Jeffrey Flyer, dean of Harvard Medical School, told the Boston Globe last week that after reading the ProPublica/New York Times article he became concerned about privacy and ethical questions at Harvard-affiliated hospitals where ABC is filming a similar series. But he said that after speaking with the president of Partners HealthCare, the system that includes those hospitals, “he was reassured, and has ‘every expectation,’ that the hospitals have strong privacy and ethics policies in place to protect patients. This [filming] could be done in a way that is entirely beneficial to health education and not violate anybody’s rights.”
Bioethicists aren’t so sure. Among the questions parsed over several days on a bioethics listserv: Was it only wrong not to seek out the man’s wife for consent to film and broadcast his treatment, or was it wrong to have the cameras rolling at all? Did the show violate medical ethics and journalism ethics?
This discussion thread prompted the Journal of Clinical Ethics to post the full text of an article written in 2013 by Terence Wrong and Erica Baumgart, two producers of “NY Med” and “Boston Med”, in which they responded, defensively in places, to ethical criticisms of “Boston Med.” “Patients’ privacy is of course the main bugaboo,” they wrote. They elaborated:
“. . . patients’ right to keep their medical information confidential from the public should be absolute.” To us this means that no patients should ever be identified in a broadcast without having consented to being identified and having he details of their medical treatment exposed.

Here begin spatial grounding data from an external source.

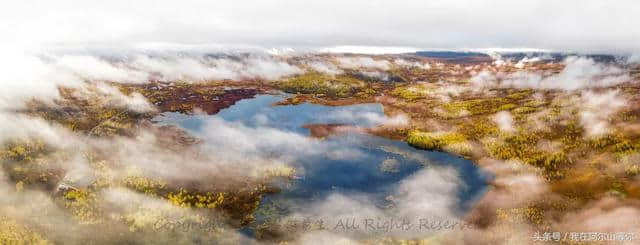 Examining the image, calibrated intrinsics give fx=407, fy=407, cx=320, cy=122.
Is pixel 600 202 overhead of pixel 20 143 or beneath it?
beneath

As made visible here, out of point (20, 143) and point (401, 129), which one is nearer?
point (20, 143)

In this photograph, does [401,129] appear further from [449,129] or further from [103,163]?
[103,163]

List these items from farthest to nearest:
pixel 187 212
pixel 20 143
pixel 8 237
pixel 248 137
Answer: pixel 248 137 → pixel 20 143 → pixel 187 212 → pixel 8 237

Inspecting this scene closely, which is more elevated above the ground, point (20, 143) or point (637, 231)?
point (20, 143)

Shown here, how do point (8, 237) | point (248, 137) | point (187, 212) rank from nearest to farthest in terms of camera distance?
1. point (8, 237)
2. point (187, 212)
3. point (248, 137)

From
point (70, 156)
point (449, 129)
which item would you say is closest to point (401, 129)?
point (449, 129)

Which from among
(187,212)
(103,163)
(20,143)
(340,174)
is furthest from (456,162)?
(20,143)

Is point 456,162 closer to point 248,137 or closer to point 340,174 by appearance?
point 340,174

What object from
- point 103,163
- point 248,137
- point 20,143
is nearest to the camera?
point 103,163

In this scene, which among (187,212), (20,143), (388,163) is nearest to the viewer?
(187,212) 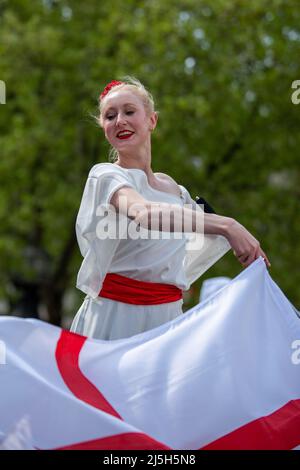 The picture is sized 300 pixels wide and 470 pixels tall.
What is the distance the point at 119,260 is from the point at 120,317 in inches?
8.5

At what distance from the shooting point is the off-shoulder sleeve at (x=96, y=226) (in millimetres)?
3146

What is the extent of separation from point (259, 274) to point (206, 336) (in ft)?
1.06

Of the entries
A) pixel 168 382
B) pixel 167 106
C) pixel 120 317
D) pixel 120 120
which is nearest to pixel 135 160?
pixel 120 120

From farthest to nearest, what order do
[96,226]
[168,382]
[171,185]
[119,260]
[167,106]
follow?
[167,106] < [171,185] < [119,260] < [96,226] < [168,382]

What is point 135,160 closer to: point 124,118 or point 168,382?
point 124,118

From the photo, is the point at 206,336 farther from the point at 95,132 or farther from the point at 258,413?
the point at 95,132

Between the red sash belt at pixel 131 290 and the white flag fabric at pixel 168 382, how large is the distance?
0.22m

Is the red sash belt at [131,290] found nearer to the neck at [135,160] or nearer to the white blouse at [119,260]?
the white blouse at [119,260]

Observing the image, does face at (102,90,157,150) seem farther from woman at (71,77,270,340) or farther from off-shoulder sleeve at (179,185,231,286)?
off-shoulder sleeve at (179,185,231,286)

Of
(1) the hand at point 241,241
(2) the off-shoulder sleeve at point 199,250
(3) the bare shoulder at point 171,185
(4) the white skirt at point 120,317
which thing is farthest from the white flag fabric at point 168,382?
(3) the bare shoulder at point 171,185

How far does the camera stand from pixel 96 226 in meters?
3.17

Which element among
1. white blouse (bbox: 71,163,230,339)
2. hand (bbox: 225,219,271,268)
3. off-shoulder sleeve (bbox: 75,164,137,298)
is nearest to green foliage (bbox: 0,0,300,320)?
white blouse (bbox: 71,163,230,339)

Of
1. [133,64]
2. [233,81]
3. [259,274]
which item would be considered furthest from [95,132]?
[259,274]

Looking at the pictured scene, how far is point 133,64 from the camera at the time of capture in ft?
A: 38.4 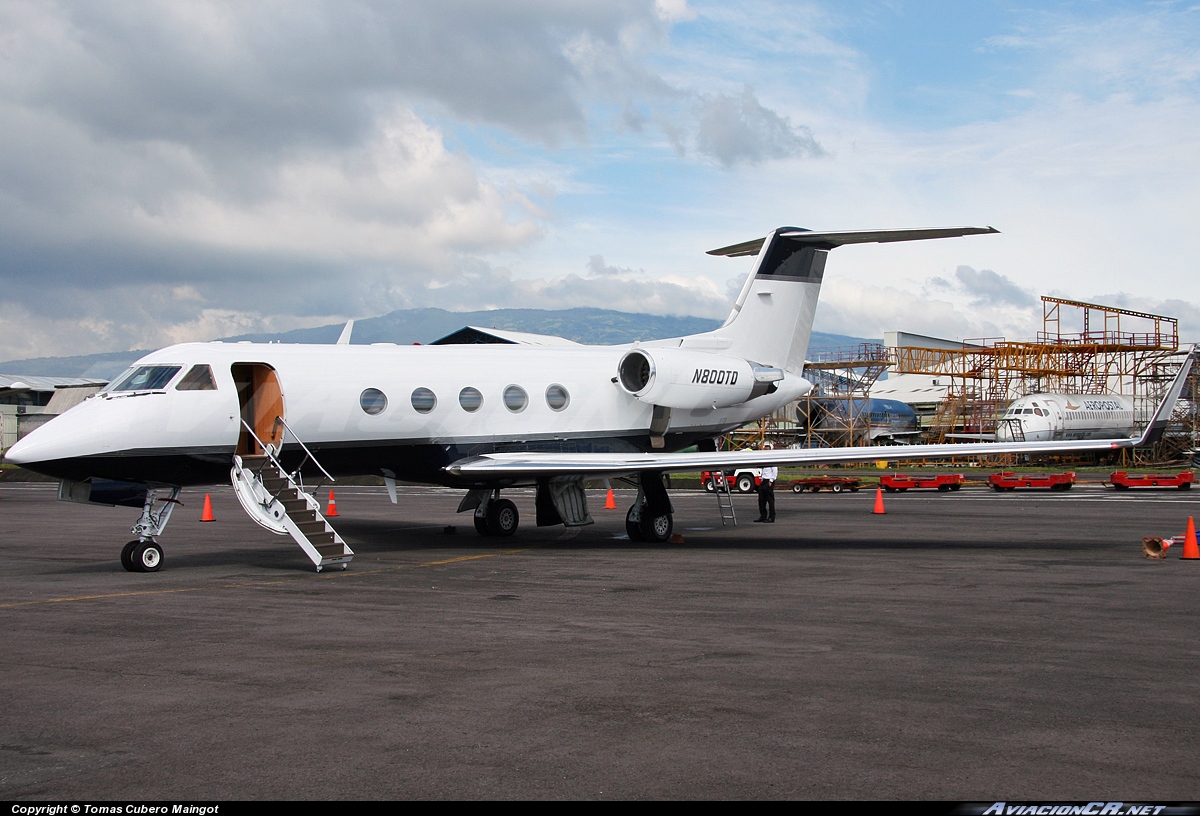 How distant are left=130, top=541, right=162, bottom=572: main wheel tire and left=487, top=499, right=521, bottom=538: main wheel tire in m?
7.02

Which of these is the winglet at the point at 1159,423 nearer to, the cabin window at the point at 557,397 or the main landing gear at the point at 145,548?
the cabin window at the point at 557,397

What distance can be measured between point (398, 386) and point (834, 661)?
Result: 1107 centimetres

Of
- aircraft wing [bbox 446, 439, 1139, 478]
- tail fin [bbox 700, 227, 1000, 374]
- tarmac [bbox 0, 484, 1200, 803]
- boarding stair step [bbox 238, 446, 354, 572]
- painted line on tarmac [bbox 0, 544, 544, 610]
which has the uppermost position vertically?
tail fin [bbox 700, 227, 1000, 374]

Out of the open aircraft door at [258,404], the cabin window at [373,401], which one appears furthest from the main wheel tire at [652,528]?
the open aircraft door at [258,404]

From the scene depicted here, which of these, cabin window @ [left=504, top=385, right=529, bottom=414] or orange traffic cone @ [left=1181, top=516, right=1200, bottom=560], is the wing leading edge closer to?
cabin window @ [left=504, top=385, right=529, bottom=414]

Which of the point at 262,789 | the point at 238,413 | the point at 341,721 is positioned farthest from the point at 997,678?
the point at 238,413

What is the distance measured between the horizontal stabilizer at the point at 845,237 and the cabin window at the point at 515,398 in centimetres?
722

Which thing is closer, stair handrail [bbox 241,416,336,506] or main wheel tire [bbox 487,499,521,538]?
stair handrail [bbox 241,416,336,506]

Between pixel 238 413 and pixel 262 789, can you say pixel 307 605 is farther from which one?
pixel 262 789

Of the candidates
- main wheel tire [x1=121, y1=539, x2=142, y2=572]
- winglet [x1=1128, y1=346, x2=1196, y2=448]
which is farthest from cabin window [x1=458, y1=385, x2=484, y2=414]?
winglet [x1=1128, y1=346, x2=1196, y2=448]

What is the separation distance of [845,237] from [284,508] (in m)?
12.9

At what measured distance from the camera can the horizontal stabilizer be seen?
19578mm

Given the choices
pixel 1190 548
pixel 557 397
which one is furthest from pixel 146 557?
pixel 1190 548

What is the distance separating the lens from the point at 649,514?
19.1 metres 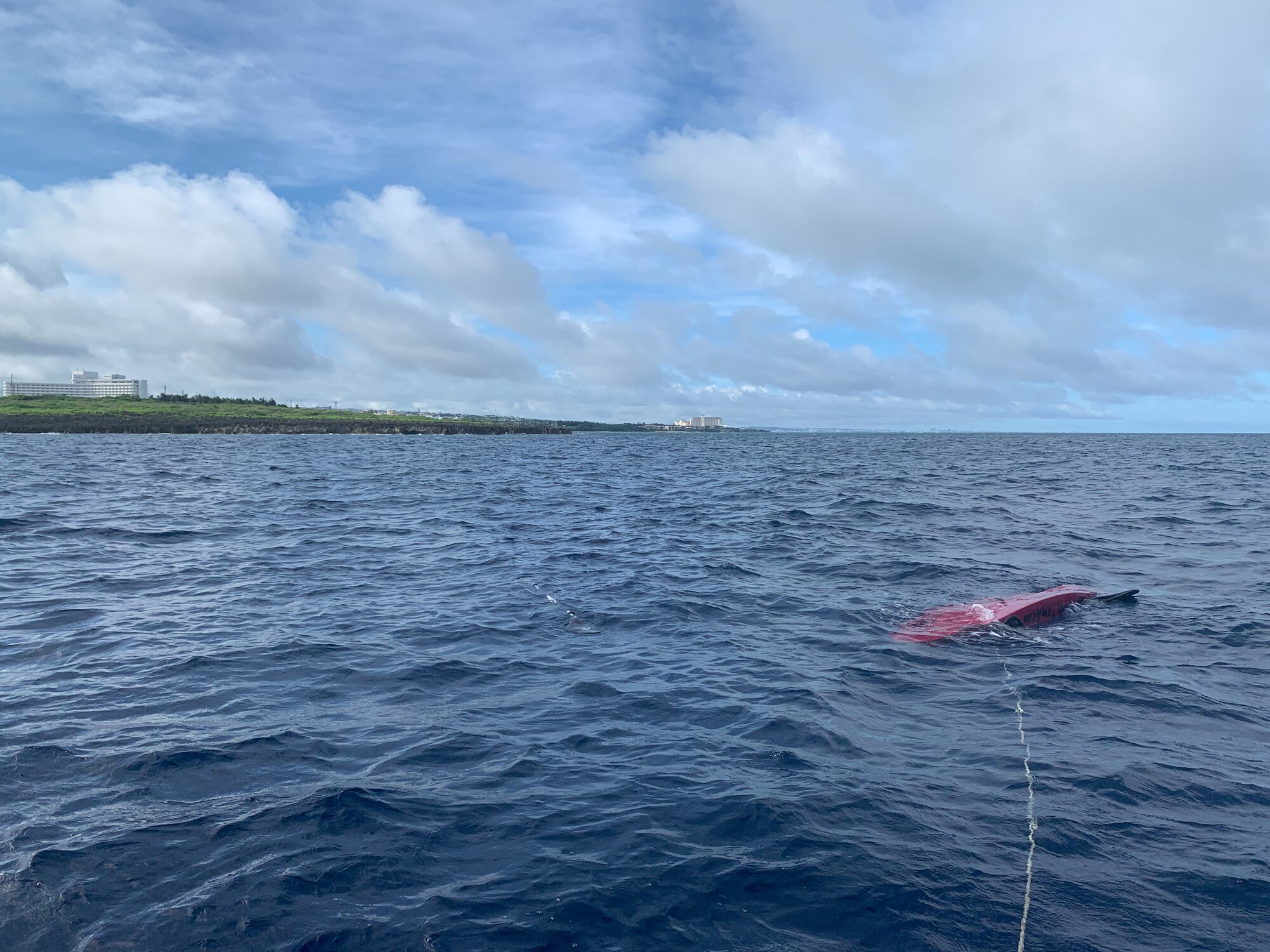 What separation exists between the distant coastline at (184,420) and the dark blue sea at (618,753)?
12256 cm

In some instances we will conceal patients’ identify altogether. We do this by making sure that neither face, nor voice, nor tattoos, nor any other identifying aspect of the individual – specific facts such as age, gender, or the circumstances of injury—will compromise patients’ medical privacy.”
The ProPublica/New York Times article makes a strong case that the show’s episode with Mark Chanko fell short of meeting this goal. The article says that Barbara Chanko, Mark’s daughter-in-law, who is a health care ethicist with the U.S. Department of Veterans Affairs, was shocked when she watched the episode. “We protect patient privacy in everything we do,” she says in the article. “I feel very betrayed by that medical staff for what they did.”
She later weighed in on the bioethics listserv: “My family appreciates all the discussion and action that these articles generate.”